La Quina, el líder sindical que fue más poderoso que Jimmy Hoffa | Por Eloy Garza
Por: Eloy Garza González
Finales de los años ochenta. “Yo nada más te lo pongo en suerte”, me dice Joaquín Contreras Cantú, alcalde de Tampico, soldado del PRI (así se decía entonces), enclave del Sindicato Petrolero. Todo un figurín, cabello untado de vaselina, estampa de gabacho. Por eso le apodan El Cremas. “Ándale, súbete a la avioneta, pero de volada”.
Y yo pensando: me van a bajar, nomás caben seis y ya van cuatro arriba. Y el líder seguro vendrá con Barragán Camacho. “Tas loco, ellos nunca viajan juntos. ¡Figúrate que se caiga el aparato! ¿Qué sería de los petroleros a falta de ambos? Y Contreras no rezuma sarcasmo, ningún dejo de ironía. Una sonrisa esquinada, una chispa en sus ojos borrados.
Yo le diría al líder: “señor, mi papá es petrolero. Quiero pedirle para él, si no es molestia, si se puede, si no le causo disgusto…” El lenguaje untuoso, enmielado de la grilla mexicana. Y llegaba el líder en una camioneta Chevrolet. Valió madre, viene con la esposa: seis exactos. Aquí se acabó el corrido.
Pero no. Camina el líder, chaparro, su guayabera de yute, su bolsillo repleto de plumas Parker, pantalón de terlenca, folders revueltos, planos. Despide solemne a su señora. Sube la escalerilla de prisa, apurado, como borracho, pero no toma ni una gota de alcohol. Es abstemio. Y vegetariano.
“¿Y éste chamaco quién es? ¿Es tu asistente, tocayo?” Nadie responde porque nadie miente a Joaquín Hernández Galicia, “La Quina”. Los líderes vitalicios no esperan repuesta. “17 millones de hermanitos míos”, dice de los petroleros. No de todos: nada más la tropa, obreros, técnicos e ingenieros. Millonadas para ellos, parejos. Pinta su raya de superintendentes para arriba. Aunque él los pone. Él los palomea. Los contratistas sólo si son amigos, si son del gremio. Si no, ni un peso de Pemex.

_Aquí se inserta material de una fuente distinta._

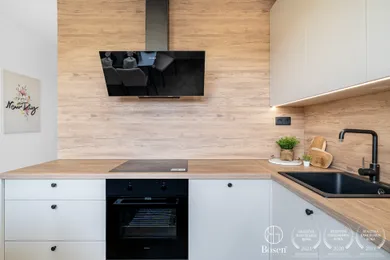 Na predaj 4-izbový byt, 82 m², Bratislava-Petržalka, Medveďovej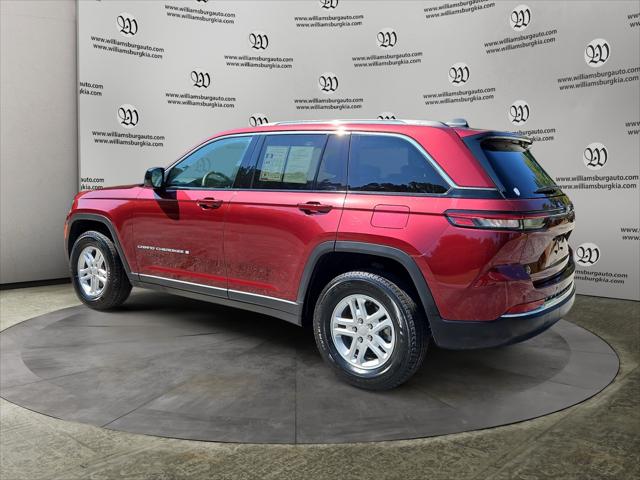 2023 Jeep Grand Cherokee Laredo 4x2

Giran con estruendo las hélices y se ensordece la voz aguda, imperativa. Se clavan los ojos tras los lentes en los planos. Los examina con más pericia que un ingeniero. Ni un minutos de reposo, porque los líderes no descansan nunca. “Yo solo quiero pedirle, señor Hernández, si es posible, si me lo permite”, le doy vueltas en mi cabeza a mi petición. ¿Cómo plantearla? Tendré que ser breve, derecha la flecha. No más de dos, tres minutos cuando mucho. Pero se atraviesa Contreras. Acapara la atención del líder con la oportunidad del político curtido. Muletazo. “Yo nomás quiero pedirte, tocayo, si te parece, es decir, si tienes a bien…” A ver, al grano. ¿De qué se trata? ¿Líos de falda? ¿Cómo se llama la vieja? “Nombre, no. Para nada. Es que aquellos me ofrecen un puesto, el cargo que ayer te comenté. Y pues pido tu visto bueno, tu autorización, tu beneplácito, pero ya sabes, lo que ordenes, tú mandas”.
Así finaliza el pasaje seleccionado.